How MasterChef Junior's Dara Yu Feels TV Glamorizes The Culinary Industry
As avid viewers of TV shows and video content surrounding food, the culinary industry, celebrity chefs, and the inner workings of different kitchens, we know how easy it is to get sucked into the specific way the field is presented on television. Dara Yu, the now grown-up runner-up of "MasterChef Junior" Season 1 has some thoughts on the way TV shows about food happen to glamorize the culinary world.
Since appearing on the show in 2014 at just 12-years-old, Yu has continued pursuing a culinary career and it seems like her future as a chef only continues to be bright. Not only has she created culinary content as The Bow Girl for her successful YouTube channel as well as content for Dreamworks TV, Yu has also worked on the frontlines in high-end restaurant kitchens in both New York and Los Angeles, and she has plans to open her own restaurant and café in the future (via The Recipe).
With her highly televised introduction to the culinary world broadcast on Food Network coupled with actual experience in the industry now under her belt, Yu is reflecting on her career and the role of television in the food world.
Dara Yu says there's more to being a chef than what you see on TV
In a recent interview with Huffington Post, Dara Yu emphasized how everything seen on TV, even on a cooking show, is subjective and not completely true to reality. As she told the outlet, "With television, everything should be taken with a grain of salt. I didn't see the show until it premiered and I think that editing has a lot to do with how it turned out, how you are perceived on TV."

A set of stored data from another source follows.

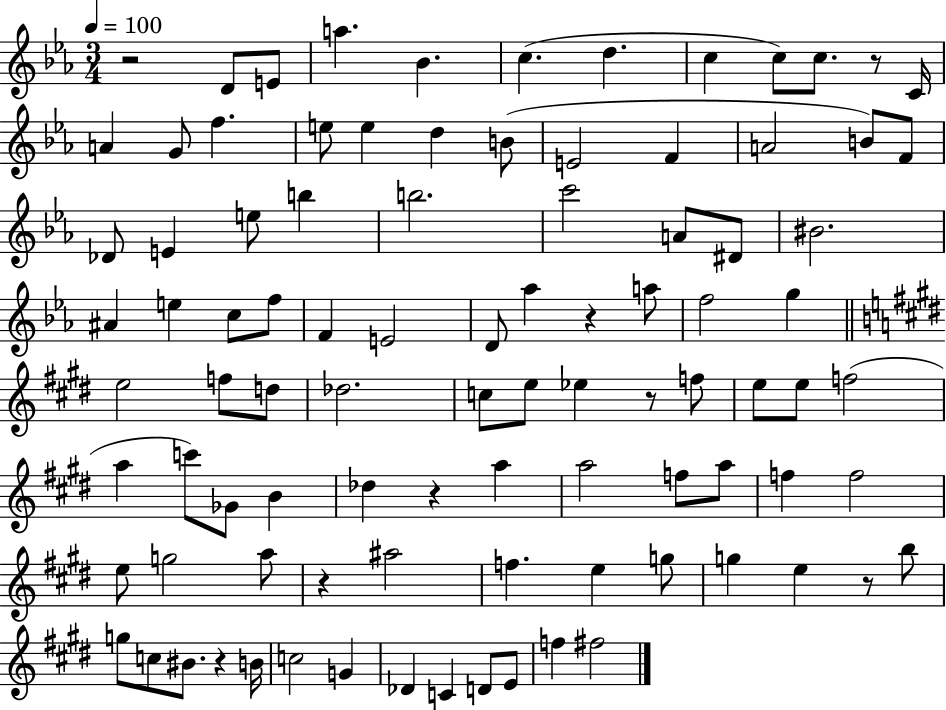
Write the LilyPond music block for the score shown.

{
  \clef treble
  \numericTimeSignature
  \time 3/4
  \key ees \major
  \tempo 4 = 100
  r2 d'8 e'8 | a''4. bes'4. | c''4.( d''4. | c''4 c''8) c''8. r8 c'16 | \break a'4 g'8 f''4. | e''8 e''4 d''4 b'8( | e'2 f'4 | a'2 b'8) f'8 | \break des'8 e'4 e''8 b''4 | b''2. | c'''2 a'8 dis'8 | bis'2. | \break ais'4 e''4 c''8 f''8 | f'4 e'2 | d'8 aes''4 r4 a''8 | f''2 g''4 | \break \bar "||" \break \key e \major e''2 f''8 d''8 | des''2. | c''8 e''8 ees''4 r8 f''8 | e''8 e''8 f''2( | \break a''4 c'''8) ges'8 b'4 | des''4 r4 a''4 | a''2 f''8 a''8 | f''4 f''2 | \break e''8 g''2 a''8 | r4 ais''2 | f''4. e''4 g''8 | g''4 e''4 r8 b''8 | \break g''8 c''8 bis'8. r4 b'16 | c''2 g'4 | des'4 c'4 d'8 e'8 | f''4 fis''2 | \break \bar "|."
}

Yu also detailed how cooking on TV shows is glamorized compared to working in a real, functioning restaurant kitchen. As viewers, we only see a specific part of the industry in these televised series, whereas taking on a career as a chef is a lot of hard work, and that part doesn't always get shown to the public. "When you are working in a restaurant, you are working 12- to 16-hour days and you are in the kitchen every single day. It's the grind. You really have to have passion and drive to do what chefs do — and be a certain amount of crazy to want to do it," she added in the article.
Yu though recognizes her experience on "MasterChef Junior" was a non-traditional way for her to get into the culinary profession, and she is thankful for the opportunities to work with top chefs and for the other doors that have been opened to her because of the exposure.